Supplied records
- Opening Delimiter -

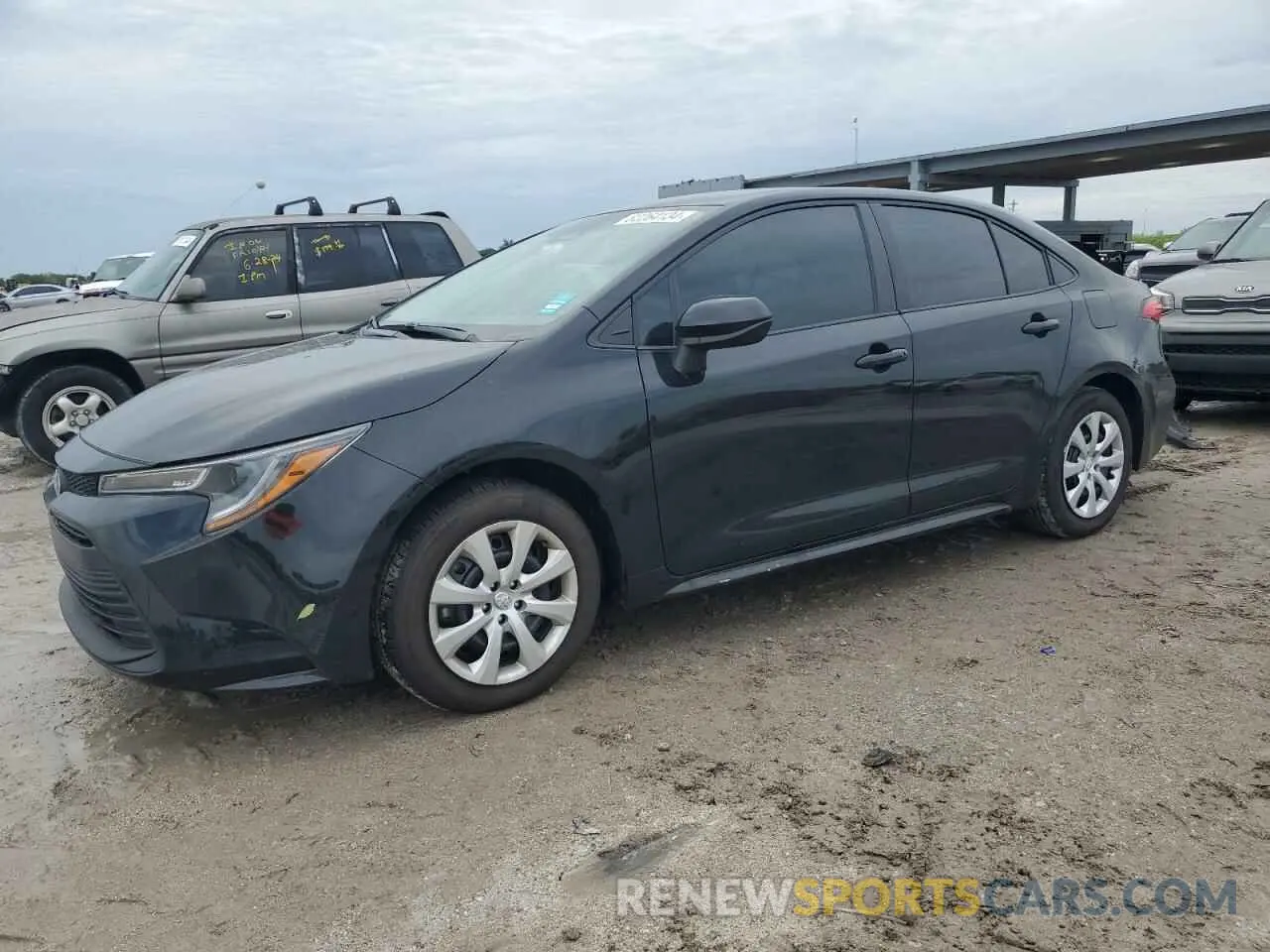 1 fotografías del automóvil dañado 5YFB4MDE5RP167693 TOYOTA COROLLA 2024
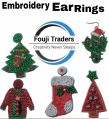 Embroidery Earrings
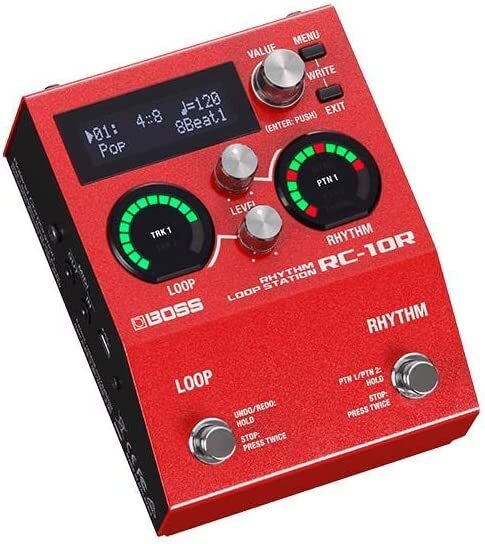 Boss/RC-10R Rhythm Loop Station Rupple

- Closing Delimiter -
- Opening Delimiter -

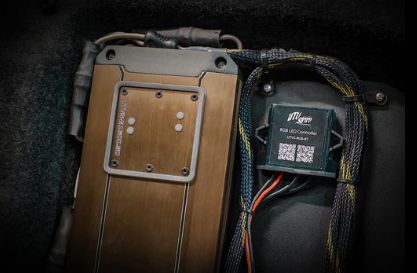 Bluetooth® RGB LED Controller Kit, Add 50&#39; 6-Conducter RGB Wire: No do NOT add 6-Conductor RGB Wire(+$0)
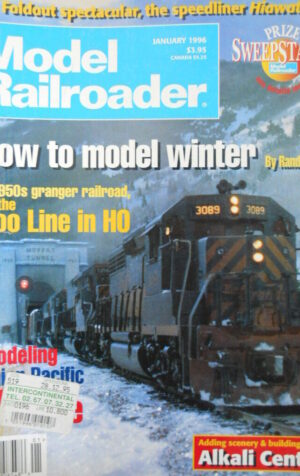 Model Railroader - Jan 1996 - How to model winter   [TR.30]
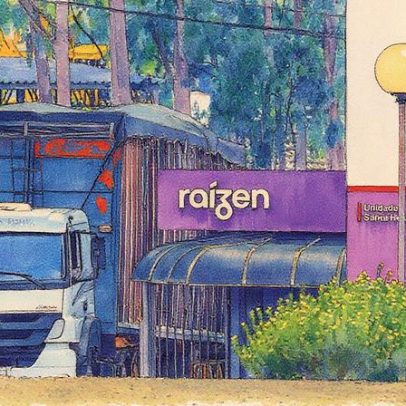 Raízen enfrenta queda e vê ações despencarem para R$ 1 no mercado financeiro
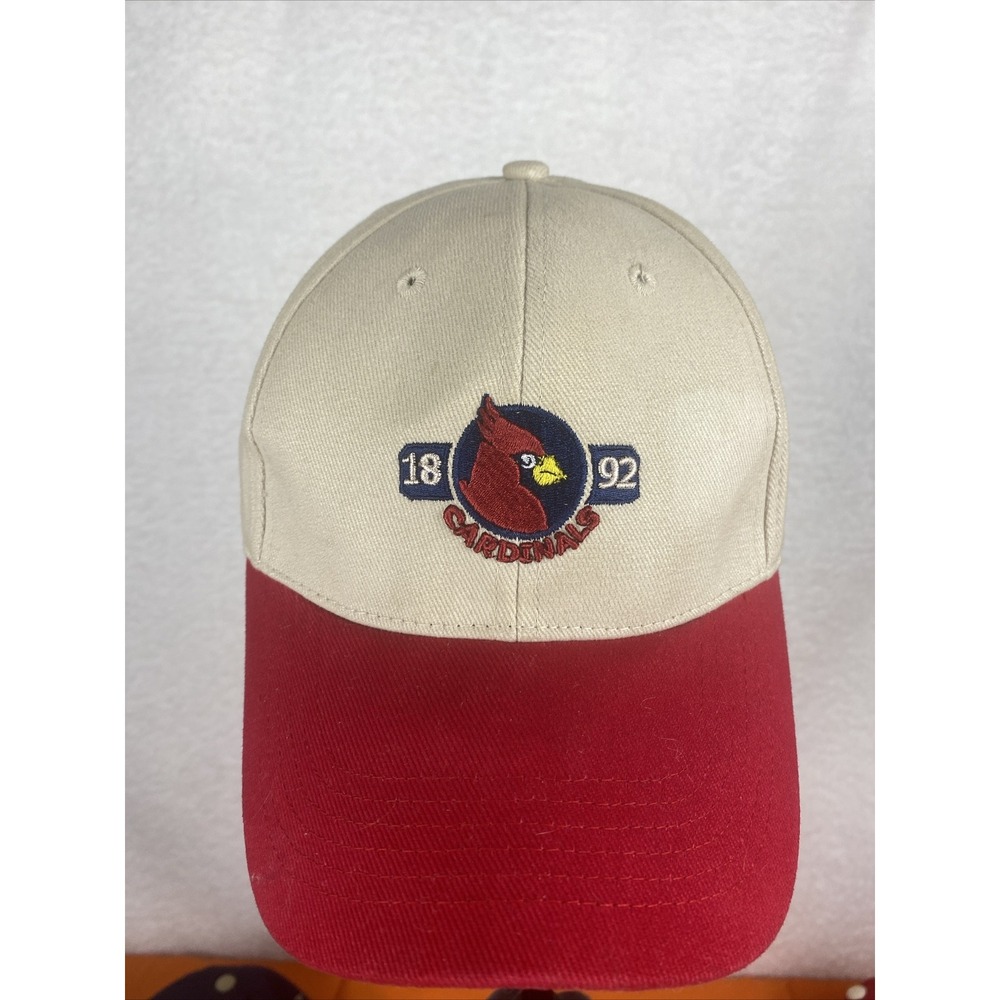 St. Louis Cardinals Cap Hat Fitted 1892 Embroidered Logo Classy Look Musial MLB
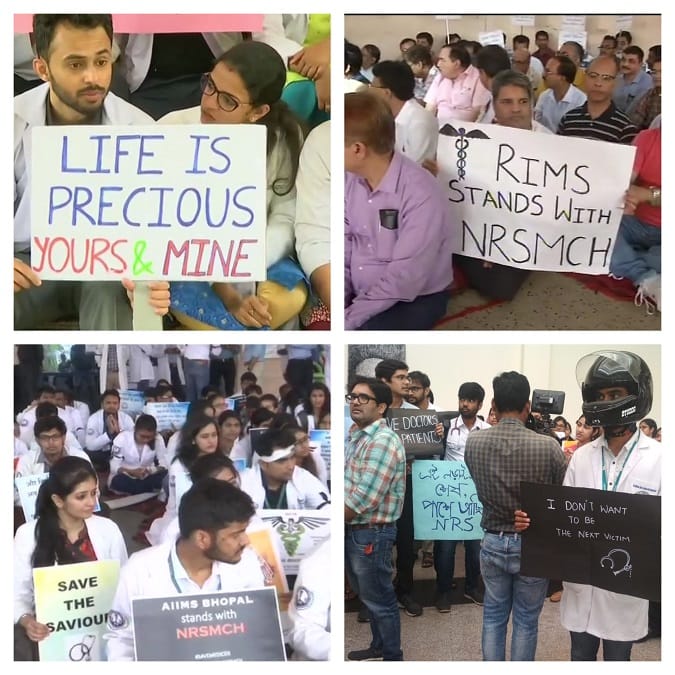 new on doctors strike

- Closing Delimiter -
- Opening Delimiter -

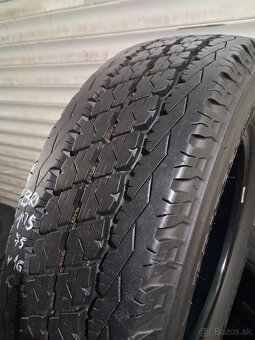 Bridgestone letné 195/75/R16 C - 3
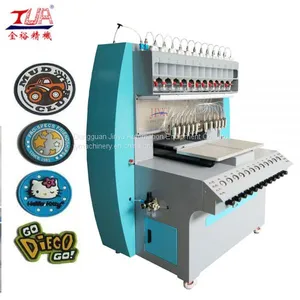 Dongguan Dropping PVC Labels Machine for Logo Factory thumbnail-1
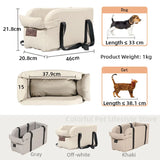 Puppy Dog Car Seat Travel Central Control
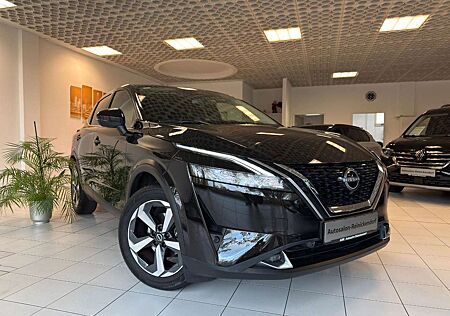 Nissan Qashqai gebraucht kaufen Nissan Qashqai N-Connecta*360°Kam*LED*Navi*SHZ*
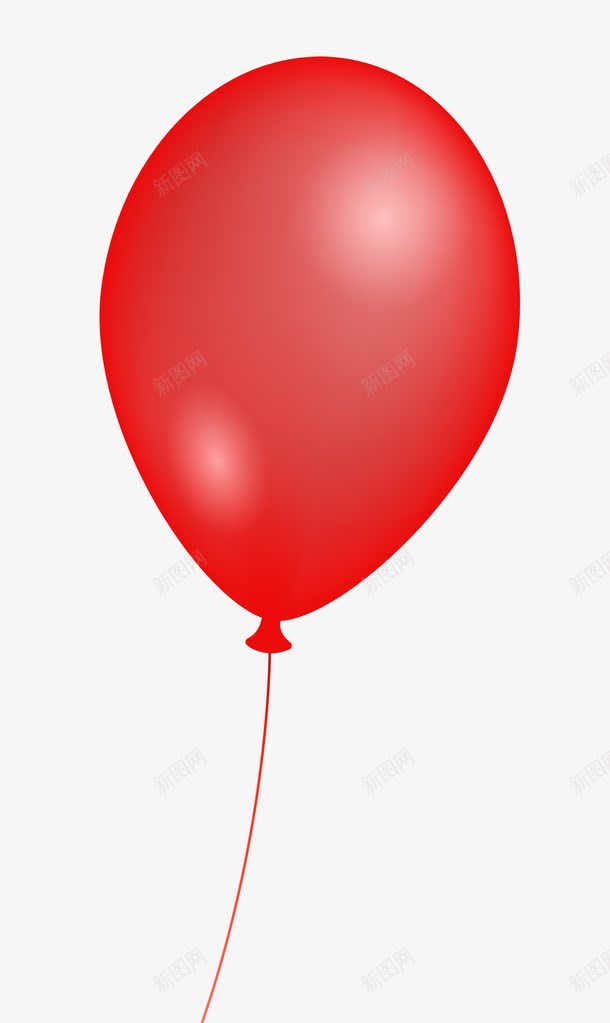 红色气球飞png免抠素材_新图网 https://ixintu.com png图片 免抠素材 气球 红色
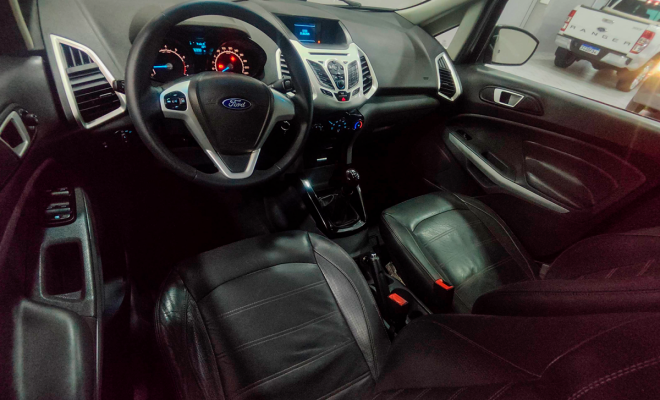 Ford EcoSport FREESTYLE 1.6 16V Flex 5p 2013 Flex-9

- Closing Delimiter -

Go to the line above that contains "Dongguan Dropping PVC" and reproduce everything exactly from there through the line that contains "Ford EcoSport FREESTYLE", leaving out the pictures.

 Dongguan Dropping PVC Labels Machine for Logo Factory thumbnail-1
 Puppy Dog Car Seat Travel Central Control
 Nissan Qashqai gebraucht kaufen Nissan Qashqai N-Connecta*360°Kam*LED*Navi*SHZ*
 红色气球飞png免抠素材_新图网 https://ixintu.com png图片 免抠素材 气球 红色
 Ford EcoSport FREESTYLE 1.6 16V Flex 5p 2013 Flex-9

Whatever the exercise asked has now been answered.